Greek prime minister Alexis Tsipras was elected for his anti-austerity view – he stands against cuts

This is his big test of the Greek people to see if they still stand with him against the EC, the ECB and the IMF.

NO VOTE

If they do agree with Tsipras that Greece should stand firm against austerity

Tsipras has said it will mean they have a stronger bargaining position against the lenders.

But naysayers have warned that it could mean the Greek banking system collapses

This would mean Greece may have to leave the euro and re-establish its own currency in order to stabilise its economy.

That would have very serious consequence for the global economy – which is itself getting over a financial crisis – and the euro.

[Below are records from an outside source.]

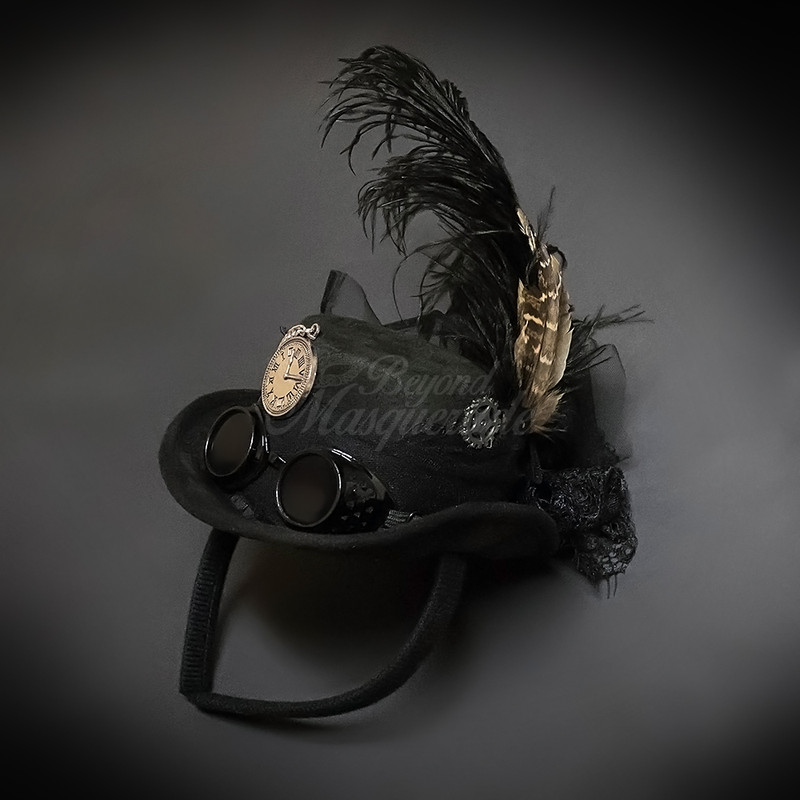 Beyond Masquerade Steampunk Headband Tiny Hat with Goggles and Feathers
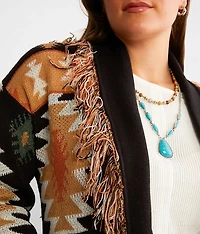 Southwestern Fringe Cardigan Sweater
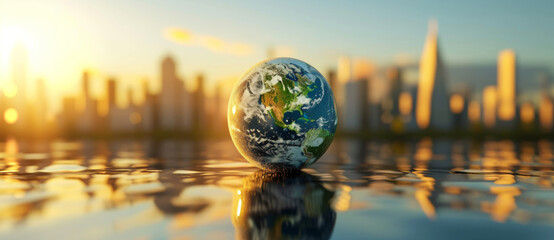 Global urbanization meets the golden hour: Earth rises against the silhouette of a bustling city skyline reflected on water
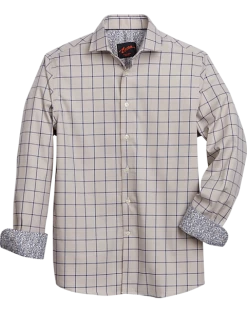 Egara Slim Fit Spread Collar Sport Shirt, Taupe Windowpane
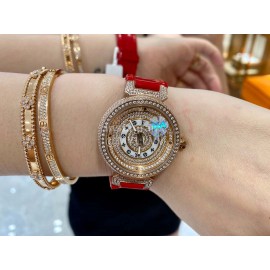 Louis Vuitton 316l Fine Steel Case Gold Diamond Dial Watch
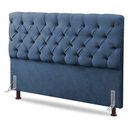 Ver imagem 1 de Cabeceira Cama Box Casal Queen Size Lylla 160cm Capitonê com Frame Linho Azul - Desk Design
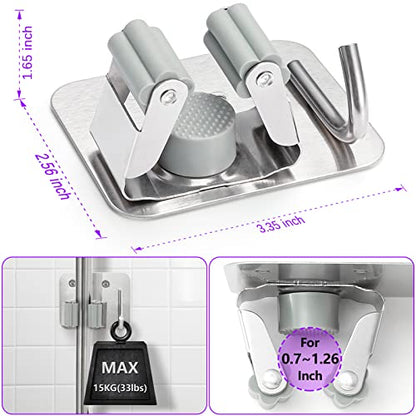 Broom Holder Wall Mount Screw Drilling (Silver)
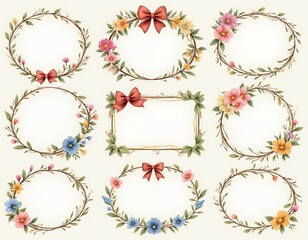 Collection of floral frames, circular oval and rectangular shapes decorated with bows. Delicate spring flowers and green leaves create charming borders for invitations, cards and scrapbooking.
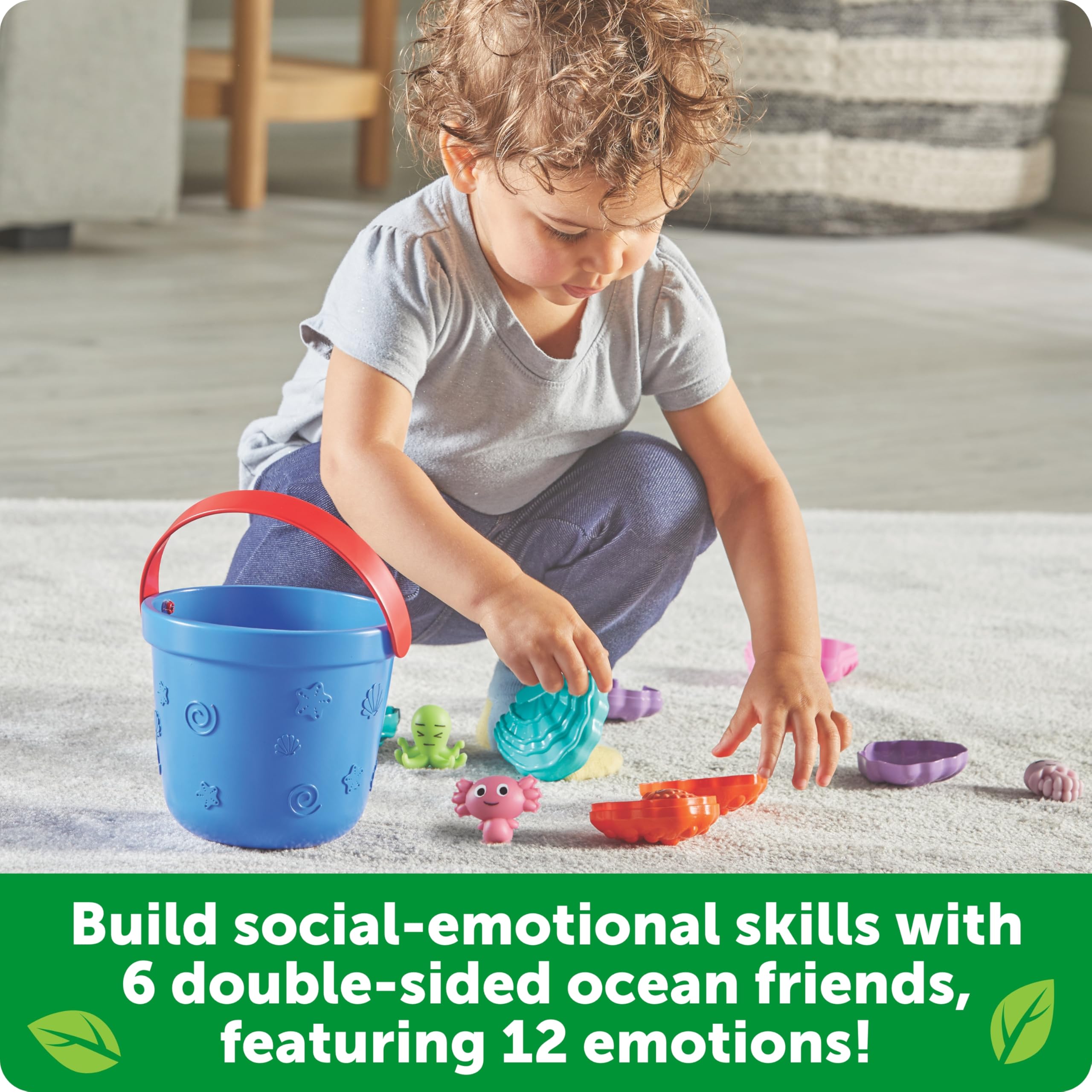 Learning Resources Ocean Emotions Seashells & Animal Figures - Montessori Sensory Toys for Toddlers, Preschool Classroom Must Haves | Sand Play, Beach Games & Easter Gifts for Kids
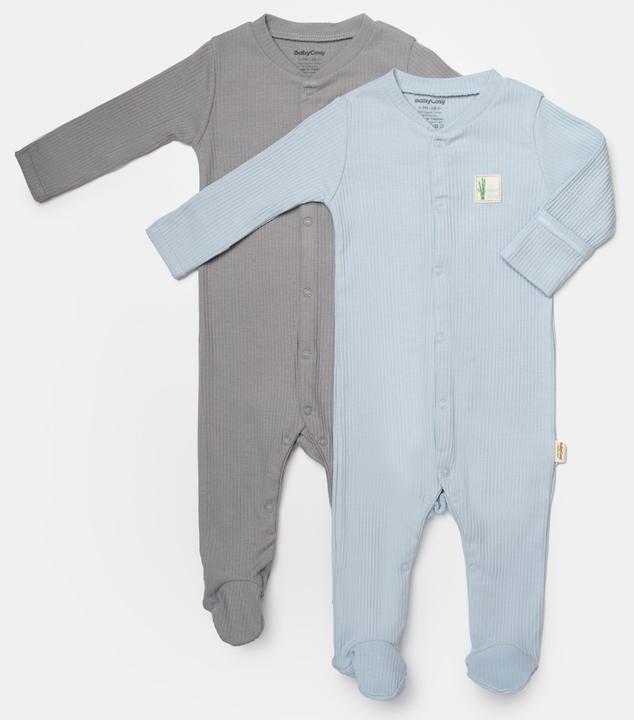 Produktbild BabyCosy Strampler mit Füssen, 2 Pack (68)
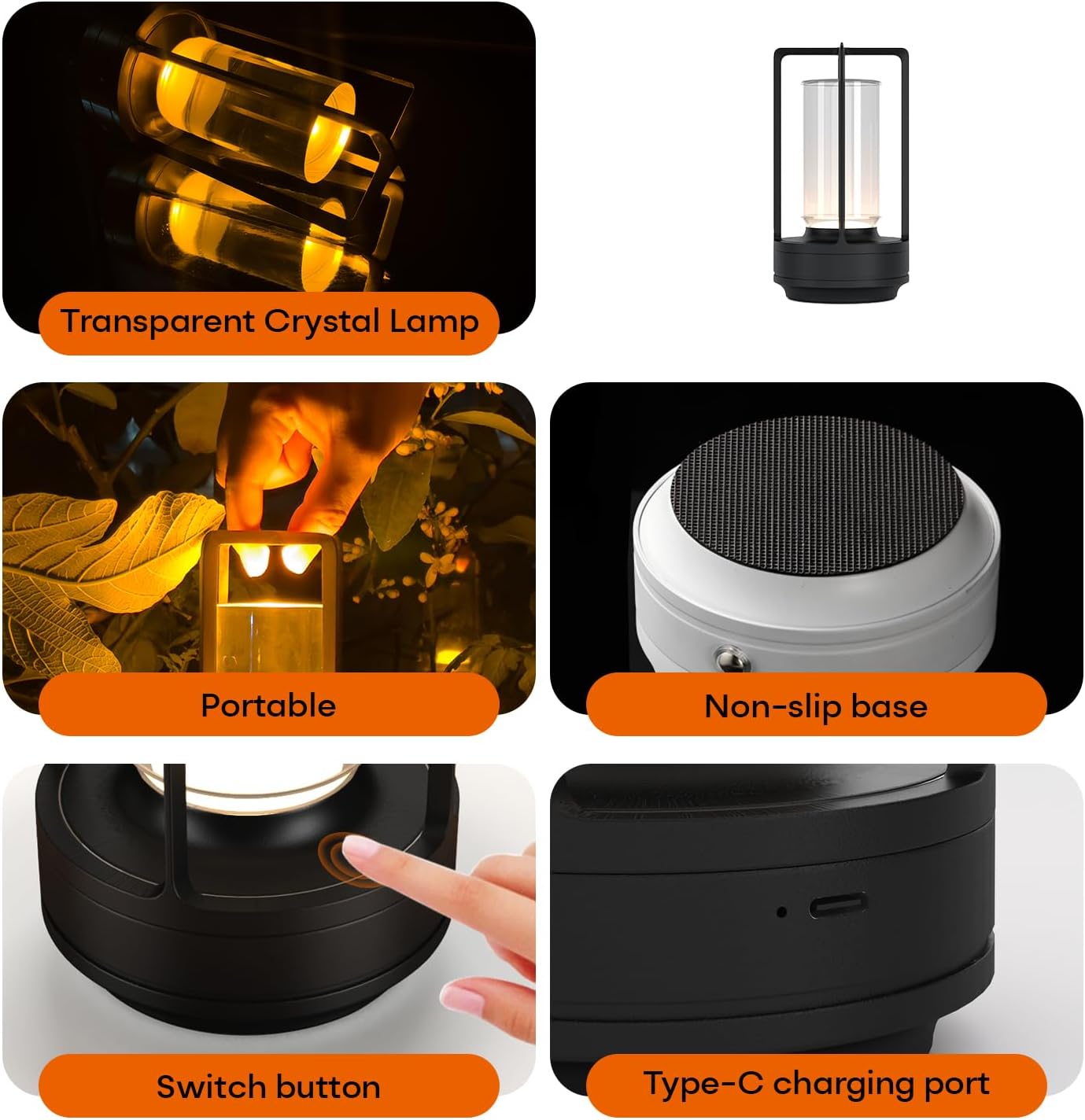 Portable Metal Table Lamp for Indoor/Outdoor ,Rechargeable Cordless LED Lamp, 3-Colour Infinitely Dimming Battery Powered Small Desk Lamp, Restaurant/Bedroom/Bar/Coffee/Camping Light (Black Set of 2) - Image 6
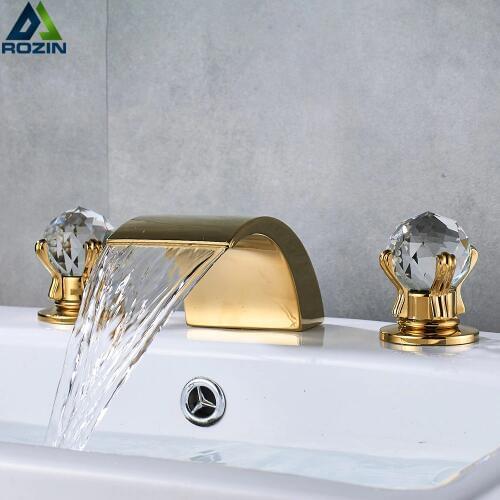 Crystal Handle Golden Waterfall Bathroom Faucet Deck Mount Widespread Bathroom Tub Sink Faucet Chrome Basin Mixer Tap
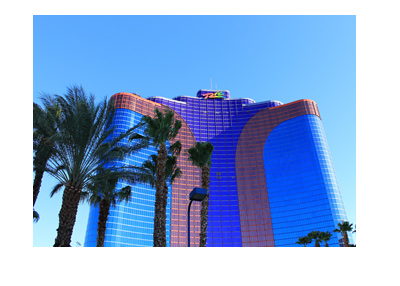 Rio Hotel - Las Vegas - Sunny day.  Palm trees in front.  Frog eye view.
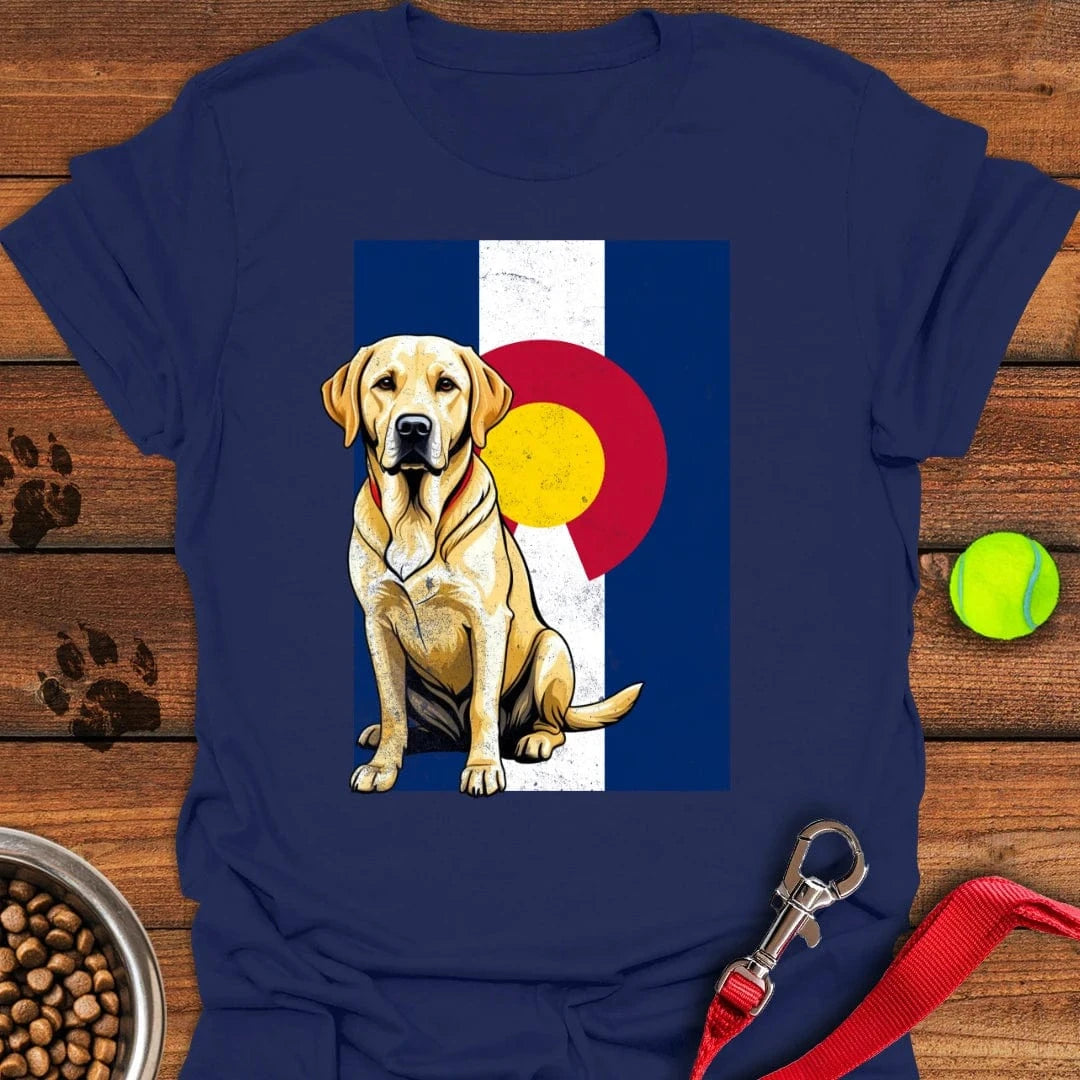 Yellow Labrador Colorado Flag T-Shirt Navy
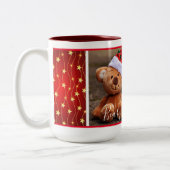 Beary Christmas (赤ぶら下がったと星) ツートーンマグカップ (左)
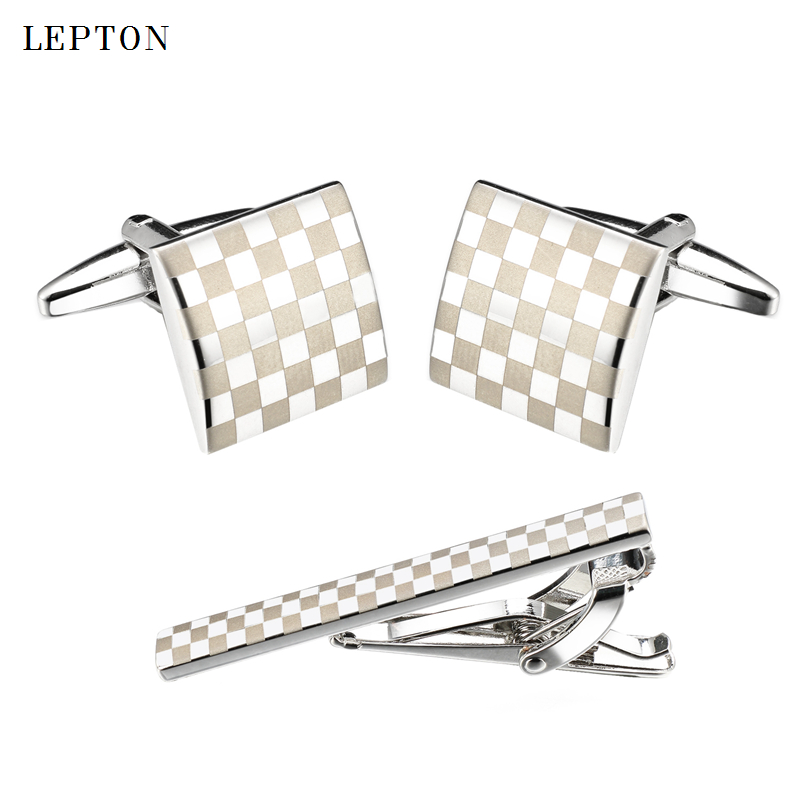 Tie Bar Set Gift - Lepton-클래식 스퀘어 레이저 남성 커프스 단추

It might even be more expensive for everyone to let Greece leave.

European leaders have said that even if there is a no vote, Greece might not exit the Eurozone – basically they don’t want Greece to, because then the project will have failed.

RefSite.JPG
The referendum website has been live since Thursday

YES VOTE

If there is a yes vote, Yanis Varoufakis, has said that the Greek government will keep its word and accept the lenders’ proposals.

However he said it would not be easy for many ministers to accept this – declaring that he will resign.

He also said he would rather cut his arm off than sign a deal without debt relief – a signal that Greece is looking for some of its debts to be written off.

Talks will resume either way after the vote – at the moment the lenders are refusing to negotiate until they know the results.